WHAT TO PRODUCE.
The listing that follows should be copied in full and exactly, with no pictures.

RAW DATA.
-.-.-

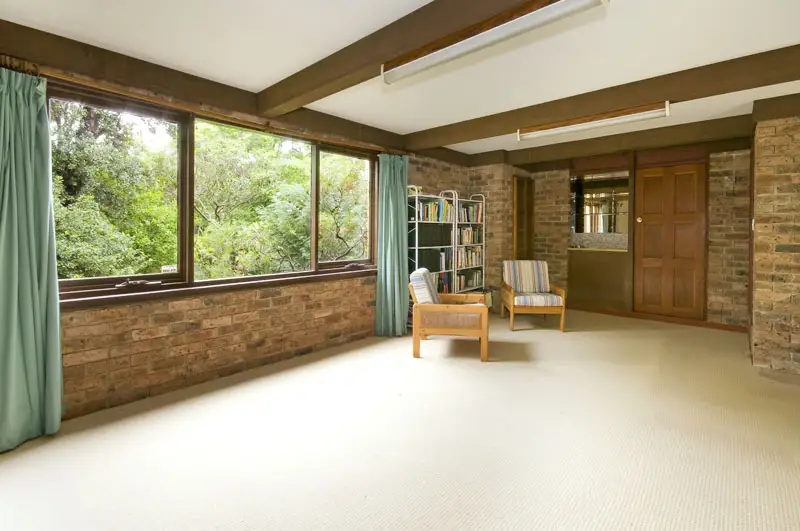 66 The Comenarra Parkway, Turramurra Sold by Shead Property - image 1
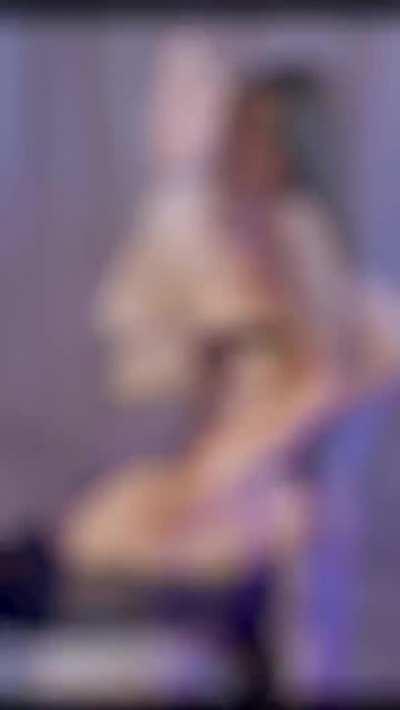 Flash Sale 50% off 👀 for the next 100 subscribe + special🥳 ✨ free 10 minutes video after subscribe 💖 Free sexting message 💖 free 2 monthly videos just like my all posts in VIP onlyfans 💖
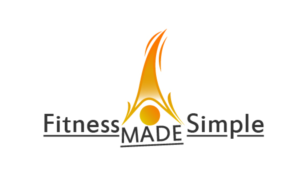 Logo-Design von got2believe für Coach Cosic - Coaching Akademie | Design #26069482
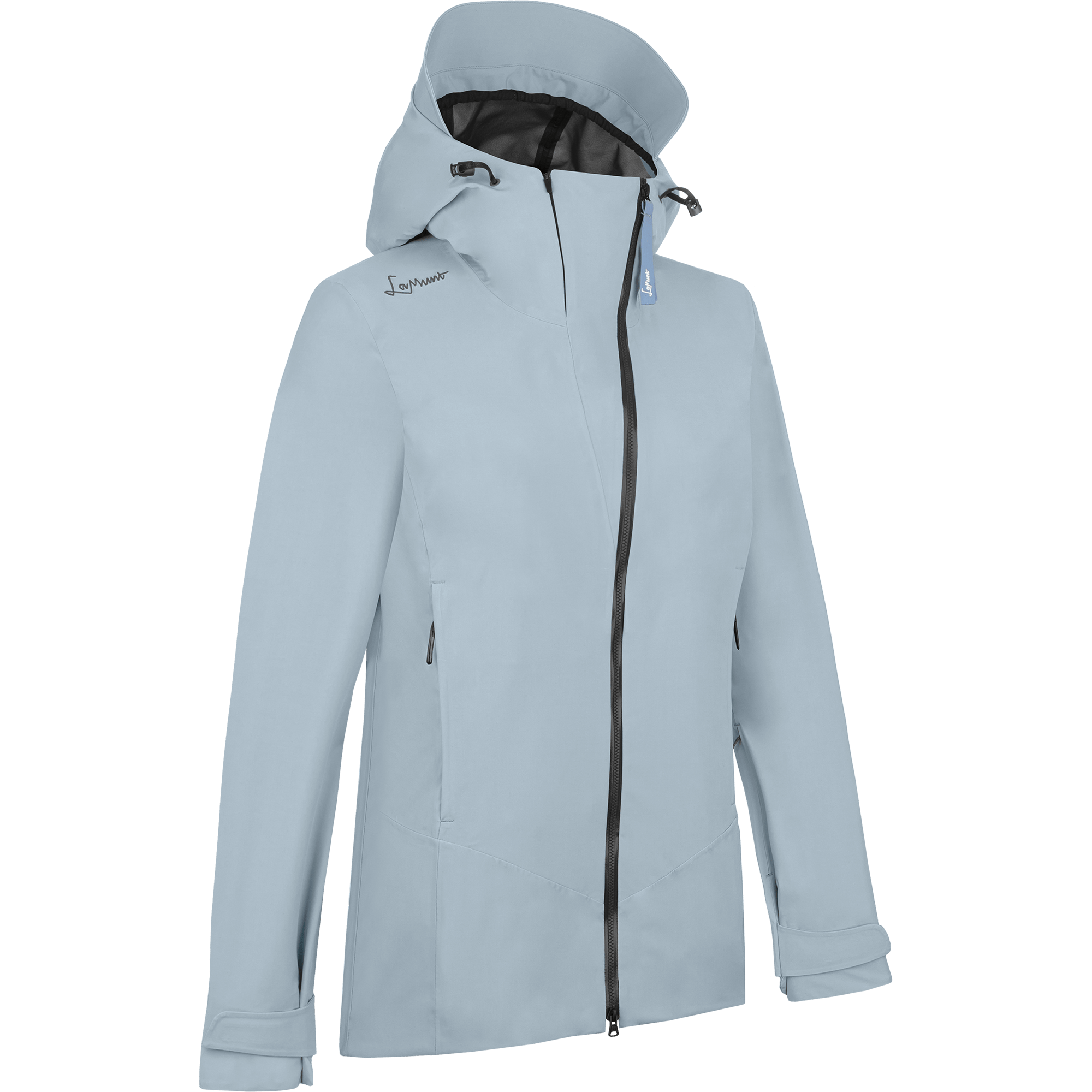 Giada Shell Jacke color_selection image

-.-.-

SOLUTION FOR THIS PROBLEM.
 66 The Comenarra Parkway, Turramurra Sold by Shead Property - image 1
 Flash Sale 50% off 👀 for the next 100 subscribe + special🥳 ✨ free 10 minutes video after subscribe 💖 Free sexting message 💖 free 2 monthly videos just like my all posts in VIP onlyfans 💖
 Logo-Design von got2believe für Coach Cosic - Coaching Akademie | Design #26069482
 Giada Shell Jacke color_selection image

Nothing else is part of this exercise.